What is a Blockchain?
A blockchain is a decentralized database that records transactions on a distributed ledger. The digital ledger is maintained by a network of peer-to-peer nodes that verify and update transactions. Because each node in the network updates the ledger with each new transaction, it’s impossible to modify the transaction history. For this reason, blockchain transactions are able to be both transparent and immutable for all users.
No single entity has the power to change or control the ledger. This exponentially increases its security and trustlessness, eliminating the need for any centralized party to maintain the ledger, which is common in traditional financial institutions.
What is a Blockchain Used For?
Blockchain technology uses cryptography to secure transactions on the network. These networks are often used to create cryptocurrencies like bitcoin and ethereum. Bitcoin is the most well-known blockchain and is considered to be the most secure blockchain.
Ethereum uses blockchain technology that enables smart contracts which are self-executing pieces of code. Smart contracts allow decentralized applications (dApps) and other types of complicated transactions to be implemented on blockchain technology.
How Does a Blockchain Work?
A blockchain is a history of transactions that are mined in blocks. Think of each block as a packet of information that is added to the database. Computers in the blockchain network, called “miners,” use computing power to verify transactions that are sent on the network.
Once a block is filled to its data limit, a hexadecimal number called a hash is created. The hash gets added to the block header and encrypted with the block’s information.
On a proof-of-work (PoW) blockchain like Bitcoin, nodes use an algorithm to solve cryptographic hashes and “mine” blocks. The first node to mine a block receives a reward. These mining rewards incentivize miners to join the network and keep it secure and decentralized.

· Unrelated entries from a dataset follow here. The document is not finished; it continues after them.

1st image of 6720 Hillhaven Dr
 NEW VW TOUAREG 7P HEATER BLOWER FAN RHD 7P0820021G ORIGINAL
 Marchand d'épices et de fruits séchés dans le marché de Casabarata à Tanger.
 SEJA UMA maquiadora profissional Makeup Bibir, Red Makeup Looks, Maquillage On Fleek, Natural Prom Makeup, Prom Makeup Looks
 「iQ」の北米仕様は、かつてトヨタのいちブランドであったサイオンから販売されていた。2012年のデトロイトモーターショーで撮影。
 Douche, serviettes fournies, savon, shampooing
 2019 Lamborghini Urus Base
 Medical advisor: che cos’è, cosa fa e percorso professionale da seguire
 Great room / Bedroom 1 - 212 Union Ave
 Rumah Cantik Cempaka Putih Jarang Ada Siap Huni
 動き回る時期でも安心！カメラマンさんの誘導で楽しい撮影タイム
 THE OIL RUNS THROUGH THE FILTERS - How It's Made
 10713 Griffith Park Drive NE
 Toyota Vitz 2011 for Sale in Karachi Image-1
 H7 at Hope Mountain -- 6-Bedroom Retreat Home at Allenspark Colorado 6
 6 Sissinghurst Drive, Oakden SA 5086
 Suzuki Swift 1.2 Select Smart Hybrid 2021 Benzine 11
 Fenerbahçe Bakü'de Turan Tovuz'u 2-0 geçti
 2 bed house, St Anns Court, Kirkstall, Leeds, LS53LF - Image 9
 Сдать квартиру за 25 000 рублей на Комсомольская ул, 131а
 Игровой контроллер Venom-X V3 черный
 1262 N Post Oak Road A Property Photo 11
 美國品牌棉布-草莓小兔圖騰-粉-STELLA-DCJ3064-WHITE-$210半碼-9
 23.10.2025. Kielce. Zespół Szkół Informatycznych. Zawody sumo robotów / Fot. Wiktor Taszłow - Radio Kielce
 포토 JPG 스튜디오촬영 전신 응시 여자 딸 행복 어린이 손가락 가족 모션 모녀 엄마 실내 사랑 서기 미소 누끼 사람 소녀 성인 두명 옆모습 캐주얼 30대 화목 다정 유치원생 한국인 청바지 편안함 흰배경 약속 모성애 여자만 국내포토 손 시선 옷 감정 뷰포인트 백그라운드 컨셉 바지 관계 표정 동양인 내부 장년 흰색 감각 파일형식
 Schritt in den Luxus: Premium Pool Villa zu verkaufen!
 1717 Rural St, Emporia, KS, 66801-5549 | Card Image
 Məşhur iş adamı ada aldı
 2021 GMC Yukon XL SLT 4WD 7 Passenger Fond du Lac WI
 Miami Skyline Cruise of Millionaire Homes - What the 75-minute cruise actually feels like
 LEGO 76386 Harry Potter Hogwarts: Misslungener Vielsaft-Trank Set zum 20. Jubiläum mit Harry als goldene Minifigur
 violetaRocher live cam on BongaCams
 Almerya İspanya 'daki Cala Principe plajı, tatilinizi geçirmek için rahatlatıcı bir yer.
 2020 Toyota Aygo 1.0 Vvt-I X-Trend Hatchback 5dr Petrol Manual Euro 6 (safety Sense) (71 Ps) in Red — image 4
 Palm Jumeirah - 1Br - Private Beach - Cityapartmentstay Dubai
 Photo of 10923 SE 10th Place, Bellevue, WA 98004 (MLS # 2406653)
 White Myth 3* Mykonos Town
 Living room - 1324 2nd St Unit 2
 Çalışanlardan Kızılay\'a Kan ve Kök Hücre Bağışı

Notable Blockchain Statistics
- Global spending on blockchain technologies was $6.6 billion in 2021
- 86% of people, according to a Deloitte survey, believe blockchain technology can enhance business processes
- As of a 2022 report, there are more than 84.02 million total blockchain wallets worldwide
- In 2023, there are roughly 336,600 Bitcoin transactions each day
- Pew Research shows 16% of Americans have invested in cryptocurrency
- Accenture analysis projects Blockchain has the potential to reduce bank infrastructure costs by 30%
Blockchain Related Terms
Ethereum — A decentralized blockchain that enables developers to build and deploy decentralized applications (dApps) and smart contracts.
BTC — The native cryptocurrency of the Bitcoin blockchain.
Smart Contract — A piece of code that autonomously facilitates and executes the terms of a contract or an agreement.
Blockchain Bridge — An interoperability tool enabling communications between two different blockchains.
Hard Fork — A significant modification to the rules of a blockchain's protocol. Hard forks are not backward-compatible, meaning all nodes will need to upgrade in order to operate successfully.